Sergei Sergejewitsch Prokofiew, geb. am 23. April 1891 in Sonzowka (Russisches Kaiserreich heute Ukraine), erhielt bereits im Alter von 4 Jahren Klavierunterrricht von seiner Mutter und kam als 13jähriger ans St. Petersburger Konservatorium. Bei Lehrern wie Nikolai Rimsky-Korssakoff und Anatoli Lladow studierte er bis 1914 insbesondere Klavier, Komposition und Orchestrierung, trat in dieser Zeit bereits mit ersten Kompositionen an die Öffentlichkeit und machte sich einen Namen als brillianter Pianist. 1918 verliess er Russland, zog zunächst in die USA, lebte aber ab 1920 überwiegend in Paris. 1927 führte ihn eine Konzertreise erstmals wieder in die Sowjetunion, in die er 1936 endgültig zurückkehrte, fortan in Moskau lebend. Prokofiew starb am 5. März 1953. Er gilt neben Schostakowitsch als der bedeutendste russische Komponist des 20. Jahrhunderts, der auch in seiner avantgardistischen frühen Phase an der wenngleich erweiterten Tonalität festhielt und später – insbesondere nach seiner Rückkehr in die Sowjetunion – auch volkstümliche und beinahe ´klassische` Stücke schrieb, vermied es aber zugleich, zum Propagandisten des Regimes gemacht werden, wie diverse negative Urteile über seine Arbeit bezeugen. 

Das Werk

Die Sinfonie Nr. 5 B-Dur op. 100 entstand im Jahr 1944 und wurde zu Beginn des folgenden Jahres unter Leitung des Komponisten in Moskau uraufgeführt. Neben der ersten ´klassischen` Sinfonie Prokofiews ist sie eines seiner bekanntesten und am häufigsten gespielten Werke. Sie ist ´klassisch` viersätzig gebaut, auch wenn die Abfolge diesen Normen nicht entspricht. Satz 1 ist ein Andante gefolgt von einem Scherzo (Allegro marcato). Der dritte Satz ist Adagio überschrieben und fraglos das emotionale Zentrum der Sinfonie, an deren Ende ein Rondofinale (Allegro giocoso) steht.
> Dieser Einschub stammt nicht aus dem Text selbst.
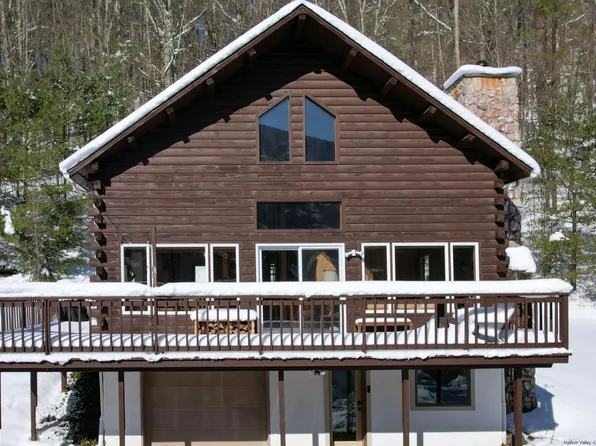 520 Creek Side Drive, Shandaken, NY 12480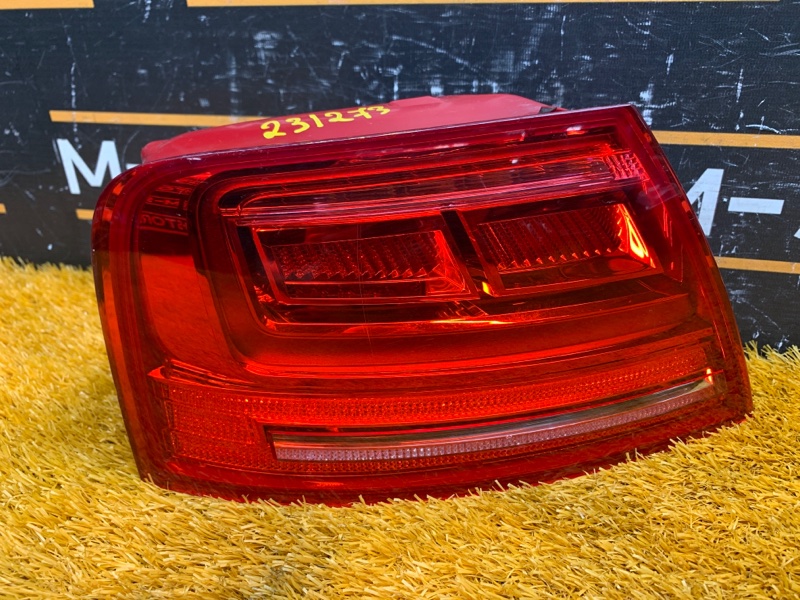 Фонарь задний, 14180 рублей, Красноярск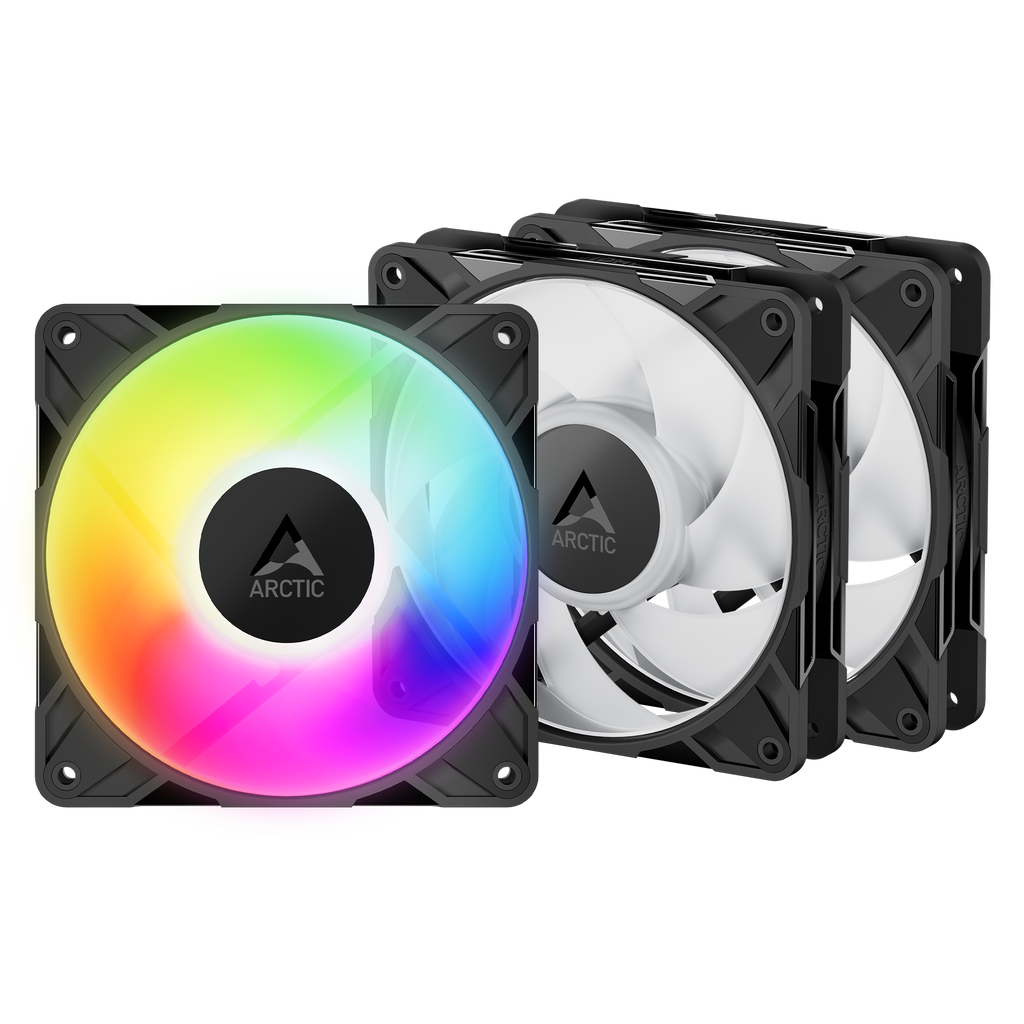 P12 Pro A-RGB LN - 3 Pack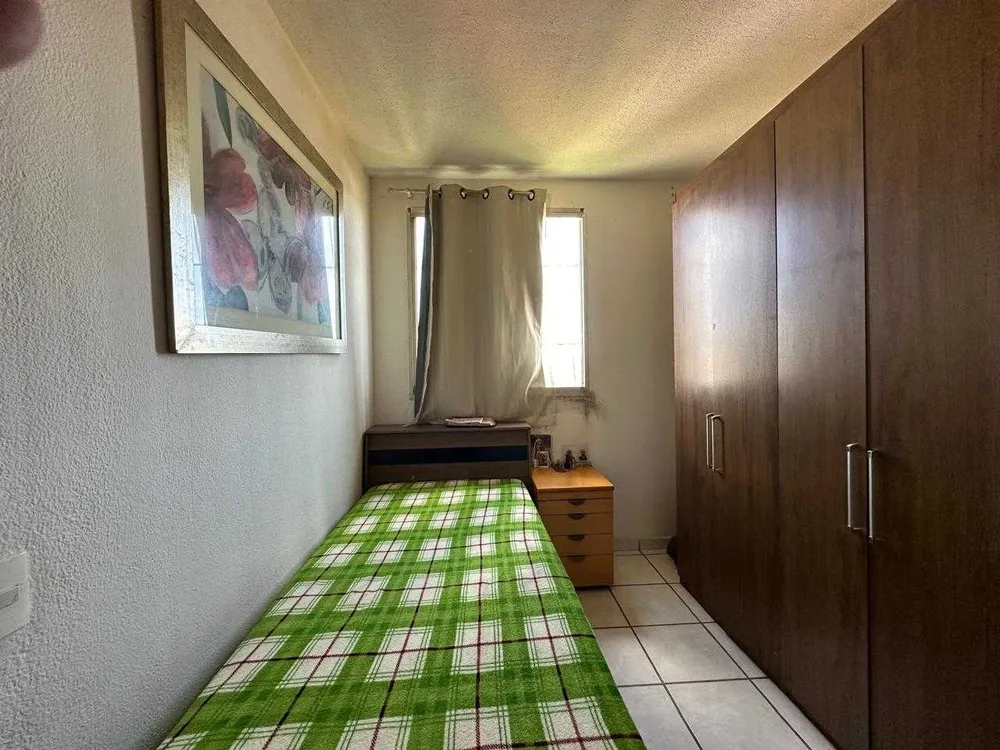 Apartamento, 2 quartos, 47 m² - Foto 3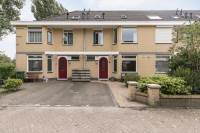 Woning Tremoliet 22 Zoetermeer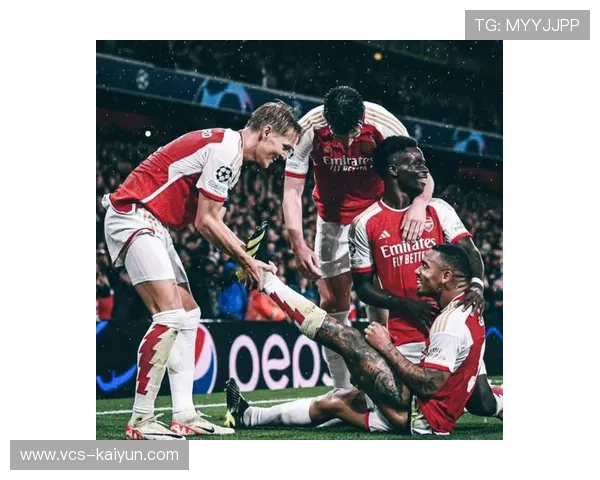 阿森纳迎联赛四连胜，积分榜领先优势扩大至五分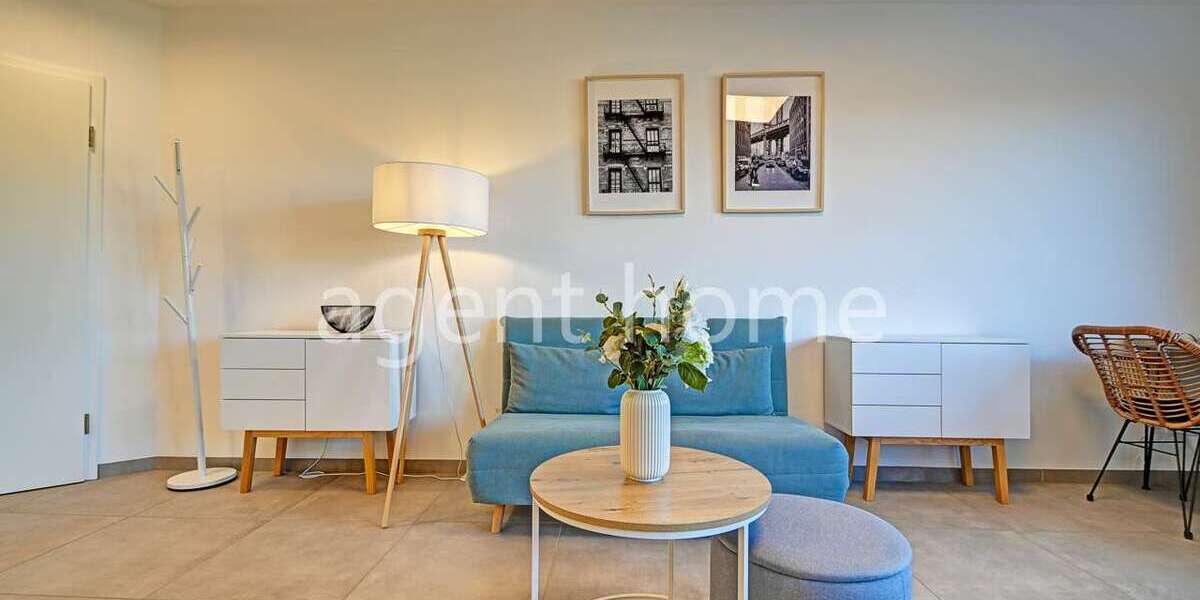 Etagenwohnung Stuttgart Vaihingen - 1 Zimmer, 38 m&sup2;, 1.080&euro; | Angebot:27519607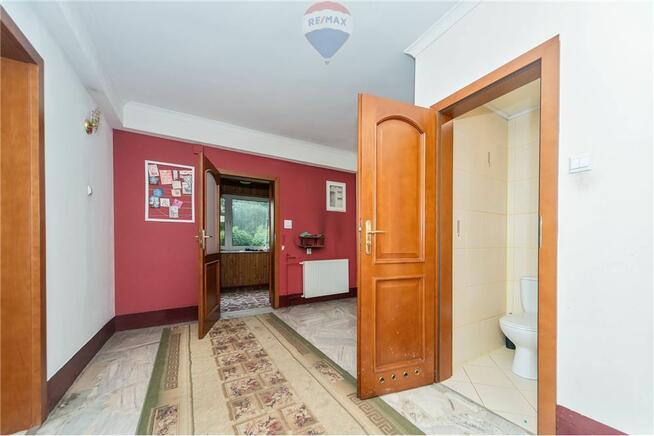 Dom z potencjałem inwestycyjnym w Jawiszowicach!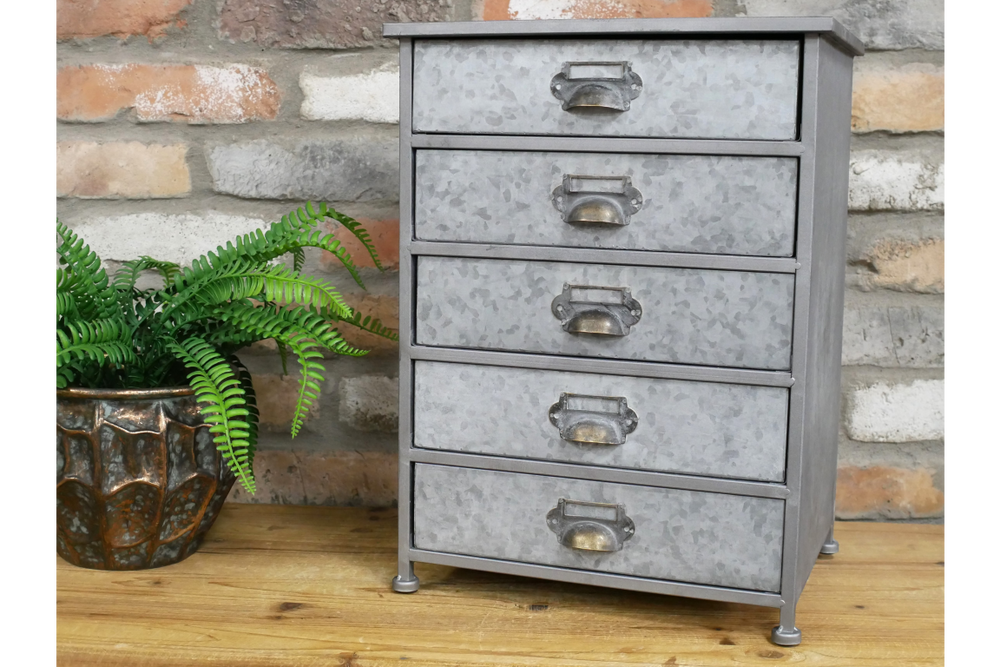 Small Industrial Storage - 9832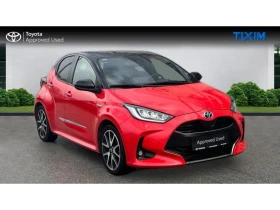 Toyota Yaris Style - 19173 € / 37499.13 лв. - 48308878 7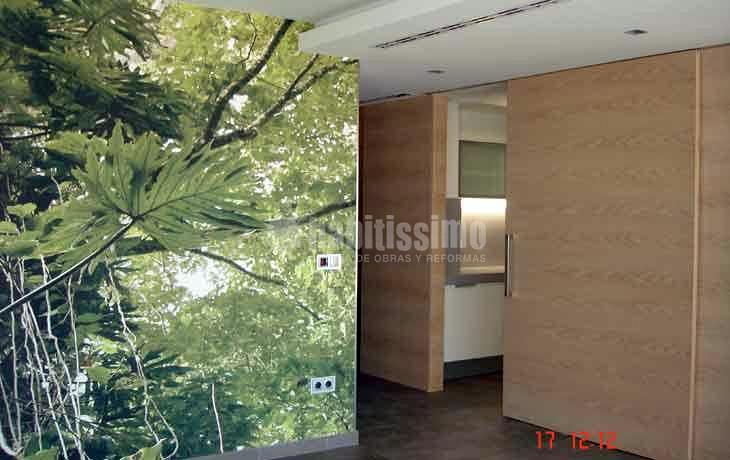 Balcón de Arenales - Privilege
Das Werk ist durchweg sehr durchsichtig und zugleich differenziert instrumentiert, geprägt von häufigen Farbwechseln und einer ausgefallenen Harmonik, zwei Elemente, die dem häufig in das Werk hineingelesenen ´doppelten Boden` zwischen Frohsinn und und dem politischen Zwang zum Optimismus.

Der Dirigent

Herbert von Karajan, geboren am 5. April 1908 in Salzburg, gestorben am 16. Juli 1989 in Anil bei Salzburg, zählt zu den bekanntesten und bedeutendsten Dirigenten des 20. Jahrhunderts. Seine spektakuläre Karriere begann 1929 als erster Kapellmeister am Stadttheater Ulm, 1934 wurde er Generalmusikdirektor in Aachen, ab 1941 (er war zwischenzeitlich der NSDAP beigetreten) wirkte Karajan in Berlin. Nach Ende des 2. Weltkriegs begann seine internationale Karriere in Wien, London und an der Mailänder Scala. 1955 löste er Wilhelm Furtwängler als Leiter der Berliner Philharmoniker ab, deren Chefdirigent er bis zu seinem Tod blieb. Karajan hat eine gewaltige Menge an Einspielungen mit diversen Orchestern von Bach bis Stravinsky hinterlassen, sein Stil sollte nach eigener Aussage die Präzision Toscaninis mit der Fantasie Furtwänglers verbinden.

Die Interpretation

Es gibt expressivere, die Abstufungen und Bewegungen innerhalb der einzelnen Sätze stärker betonende Interpretationen von Prokofiews 5. Sinfonie, aber keine, zumindest keine, die ich kenne, erreicht eine solche natürliche Stringenz, einen in allen Sätzen hörbaren organischen Fluss, der für eine sehr intensive Beschäftigung von Dirigent und Orchester mit dem wahrlich nicht einfach zu fassenden Werk spricht. Apropos Orchester: die Berliner sind seit Jahrzehnten eines der internationalen Spitzenensembles, aber in dieser Aufnahme gelingt allen Instrumentengruppen (besonders den Streichern und Bläsern) nicht nur ein nahezu perfektes Zusammenspiel, sondern auch eine fast magische klangliche Abstufung und Transparenz selbst in den explosiven Fortissimo-Stellen. Bei den bereits digital aufgenommen Einspielungen ragen Riccardo Muti 1990 mit dem Philadelphia Orchestra und Mariss Jansons 2016 live mit dem Royal Concertgebouw Orchester (letzterer bei recht zügigen Tempi) heraus. Ein Spezialtipp die Aufnahme von Serge Koussevitzky mit dem Boston Symphony Orchestra aus dem Jahr 1946: ein Parforce-Ritt mit klanglichen und manchmal auch spieltechnischen Schwächen.